Garden design detail at Hestercombe

We look at the garden design detail in Edwin Lutyens' formal gardens at Hestercombe.

Saturday 26 March 2011
general

‘Squaring the circle’

Of course the real deal with garden design is the spaces you create!

And here at Hestercombe Edwin Lutyens created a formal world of terraces, pools, rills and lawns in which the golden afternoon of Edwardian England is still palpable today.

But, it is the mark of the great designer when the detail of a design satisfies throughout acres of a garden  and thereby unfies the design throughout too.

So it is no surprise that at Lutyens’ Hestercombe you arrive in this Edwardian garden via a rill, itself a foretaste of the twin rills on the terrace below:

And it runs from an quarter sphere arbour  whose profile is mimicked in the quarter sphere niche on the terrace below:

The niche, its pond (which is circular in plan and  hemispherical in depth and half contained in the niche) together with the arc of the water jet from above collectively create an imaginary sphere.

The water niche is itself embayed within walls that have a quarter circle section removed and a quarter circle is also the profile of the steps down into the grand plat. The niches on either side of the 'water feature niche' are hemispherical. You would also find these self same niches on the walls of the rotunda. You would equally find them on the walls of the orangery beyond the grand plat.

The lawned terrace outside the orangery itself  has a semi circular profile at either end:

This repeats a motif found beneath the Victorian terrace albeit with altered dimensions. And on the grand plat itself. 

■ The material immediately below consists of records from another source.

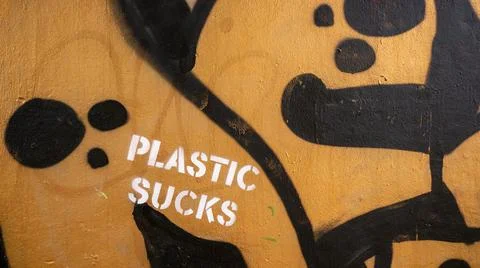 Wall graffiti featuring "plastic sucks" in white and slogan on golden background Stock Photos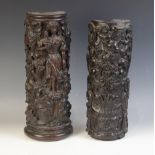 Two 17th century carved oak pillar sections, each carved with scrolling foliage, one with a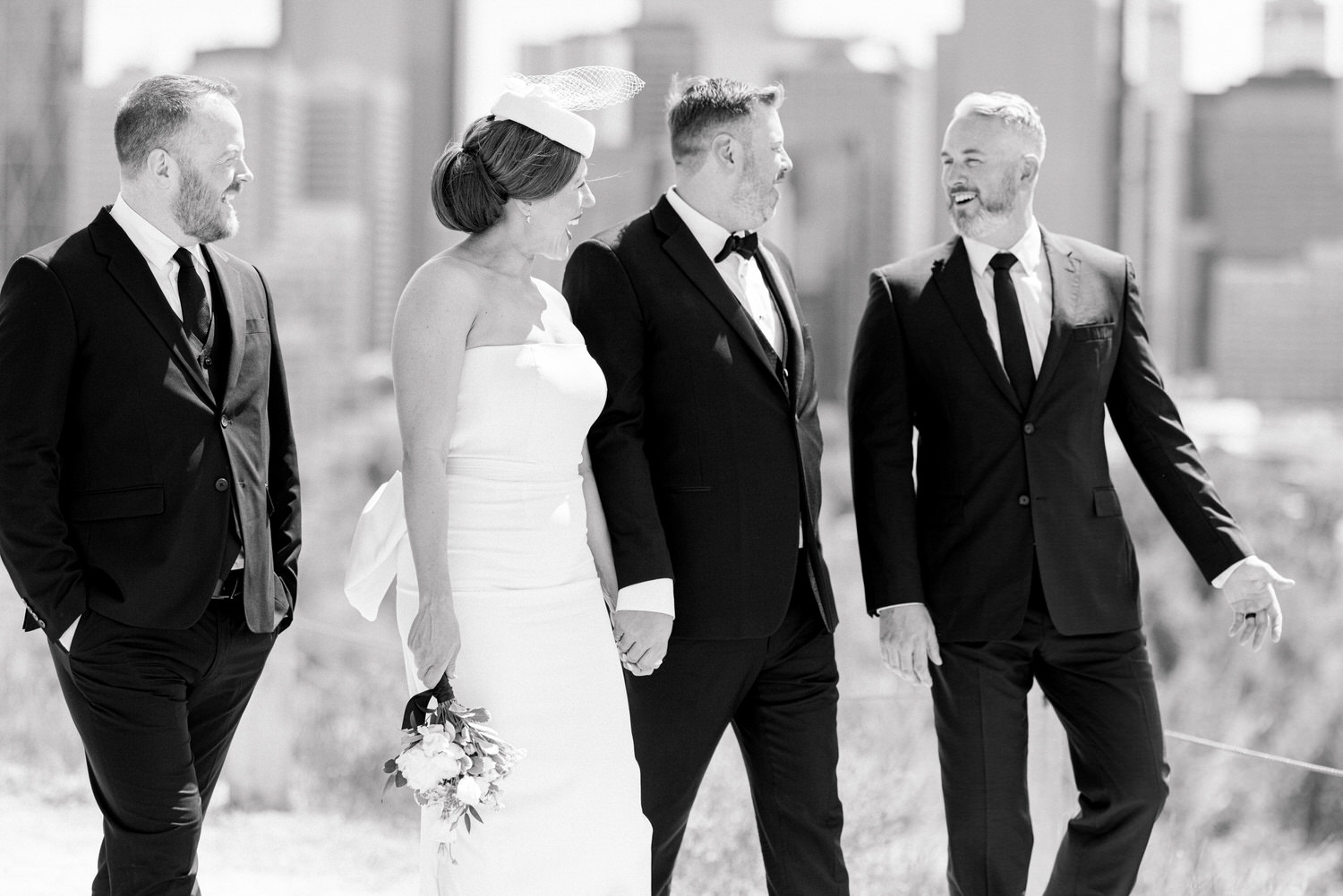 A stylish bride in a strapless gown and veil walks hand-in-hand with her groom and two groomsmen, showcasing joy and elegance against a city backdrop.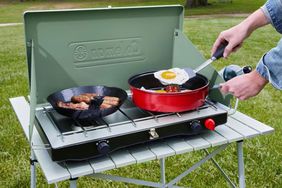 A person cooking on a Coleman Cascade Classic Camp Stove outside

Outside the orangery, the long linear lawn is interrupted by a circle in its centre. This could mentally take you back to the round pond in the rotunda , the niche pond or finally the circular pools delineated by the loops of paving lining the rill,  the bottoms of which are of course hemispherical!

 

Intriguigingly their bottoms are also ridged with on end stone like the iris of an eye.

Or perhaps you might think of the circles in the paving found throughout, with pupil-like centres composed of nests of terracotta pots.

Oh! This one is centred on a square, of nestling square pots!

Which reminds you of the squares of grass at the centre of the grand plat or the dressed squares of golden stone on the front of the orangery

 and the squares of on - edge stones in the paved terrace below the rotunda.

Of course the pillars of the grand pergola  which itself squares off the plat are in pairs alternately square and circular in cross section.

And the pergola ends in an oval vignette, which is of course just an elongated circle giving a view into the wider estate.

In the wider garden it will not surprise you to learn that the half pillars to the dutch garden are circular in cross section. Or that the circular space at the top of a grand staircase leading away from the house front, has pillars which are square in cross section.

Or that it is paved with a triple circular motif around which the surrounding stones wind and loop as did the paving bordering the rill.

It is a design game. And the game goes on and on. Except that it is of course fun which has been worked at, but made to seem as natural or inevitable as falling off a log!